### WORK ITEM
Nothing outside the range below should be printed. Output exactly the lines from the line with "主力疲劳问 主力疲劳问" to the line with "Imagem 5: Apartamento", both included.

[Recorded data]
|---|

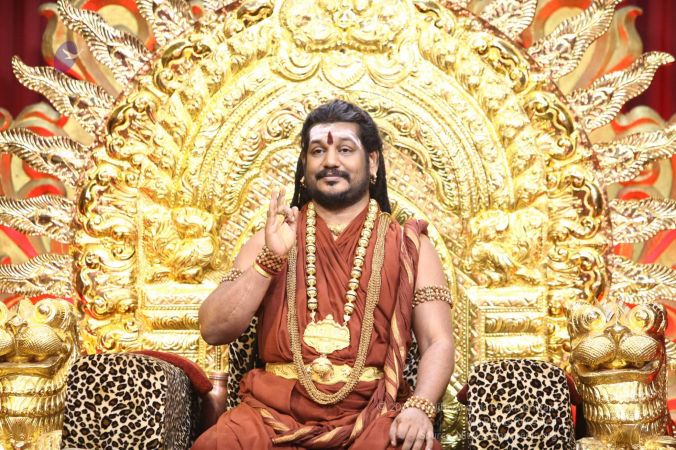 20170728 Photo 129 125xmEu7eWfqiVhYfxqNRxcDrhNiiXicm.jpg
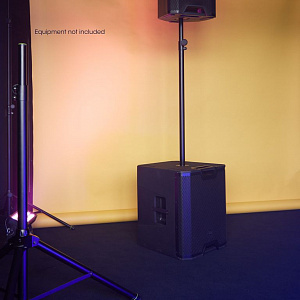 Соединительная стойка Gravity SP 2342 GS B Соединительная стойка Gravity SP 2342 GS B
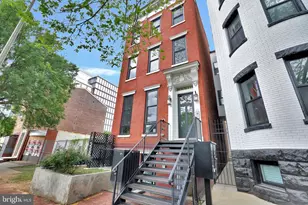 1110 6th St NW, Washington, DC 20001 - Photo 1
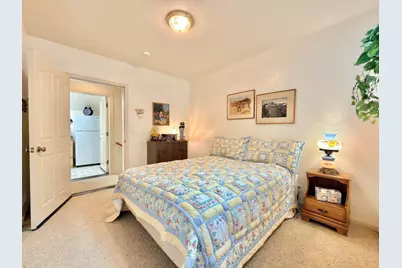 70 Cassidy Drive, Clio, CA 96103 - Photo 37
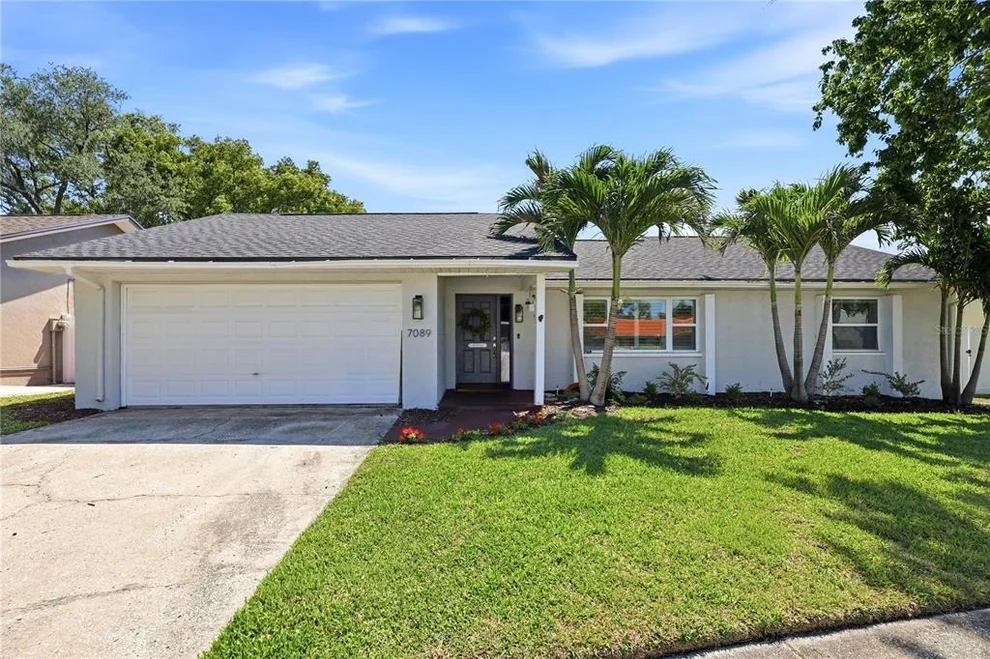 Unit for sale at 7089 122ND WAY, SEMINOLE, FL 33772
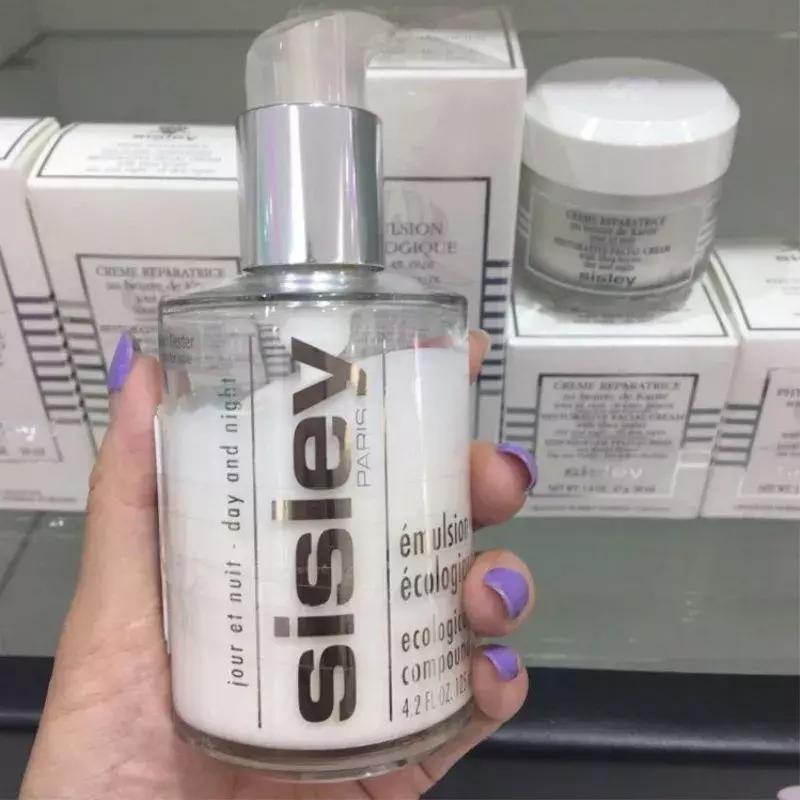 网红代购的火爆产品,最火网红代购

|---|

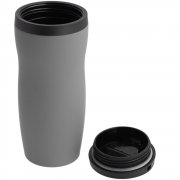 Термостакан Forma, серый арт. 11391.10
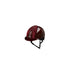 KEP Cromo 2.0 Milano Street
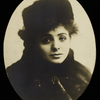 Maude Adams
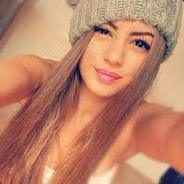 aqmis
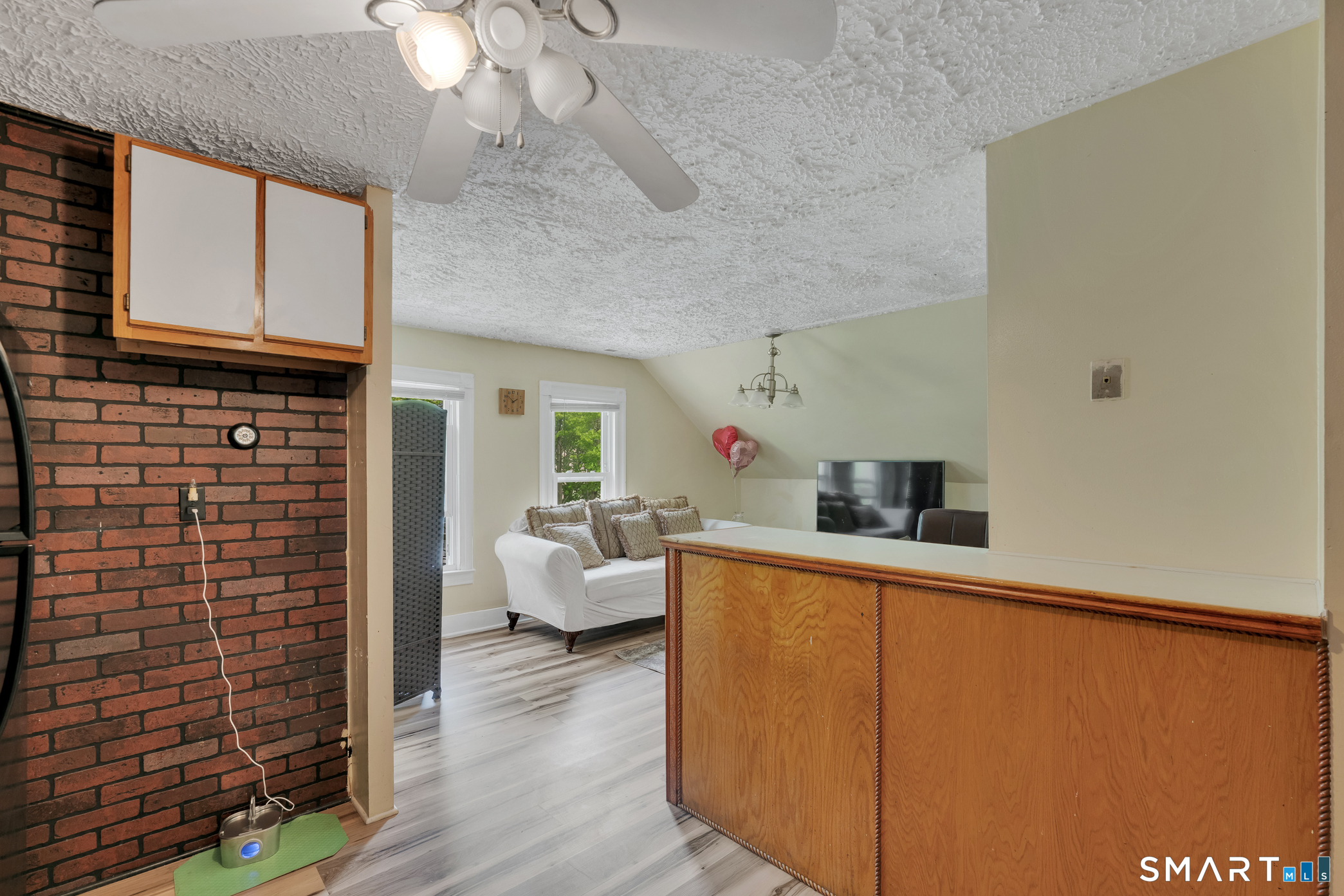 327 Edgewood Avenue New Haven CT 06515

|---|

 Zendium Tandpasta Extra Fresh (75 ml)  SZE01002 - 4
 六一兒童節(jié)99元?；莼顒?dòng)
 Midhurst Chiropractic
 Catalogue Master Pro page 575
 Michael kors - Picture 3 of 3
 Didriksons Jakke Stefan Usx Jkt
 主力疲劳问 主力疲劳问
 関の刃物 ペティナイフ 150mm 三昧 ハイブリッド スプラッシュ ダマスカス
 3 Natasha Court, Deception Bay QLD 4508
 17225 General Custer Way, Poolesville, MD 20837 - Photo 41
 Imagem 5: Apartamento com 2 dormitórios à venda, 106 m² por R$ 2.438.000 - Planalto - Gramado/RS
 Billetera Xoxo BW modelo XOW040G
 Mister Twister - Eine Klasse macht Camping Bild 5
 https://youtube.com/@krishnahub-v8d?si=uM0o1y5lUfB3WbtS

|---|

### SOLUTION FOR THIS PROBLEM
 主力疲劳问 主力疲劳问
 関の刃物 ペティナイフ 150mm 三昧 ハイブリッド スプラッシュ ダマスカス
 3 Natasha Court, Deception Bay QLD 4508
 17225 General Custer Way, Poolesville, MD 20837 - Photo 41
 Imagem 5: Apartamento com 2 dormitórios à venda, 106 m² por R$ 2.438.000 - Planalto - Gramado/RS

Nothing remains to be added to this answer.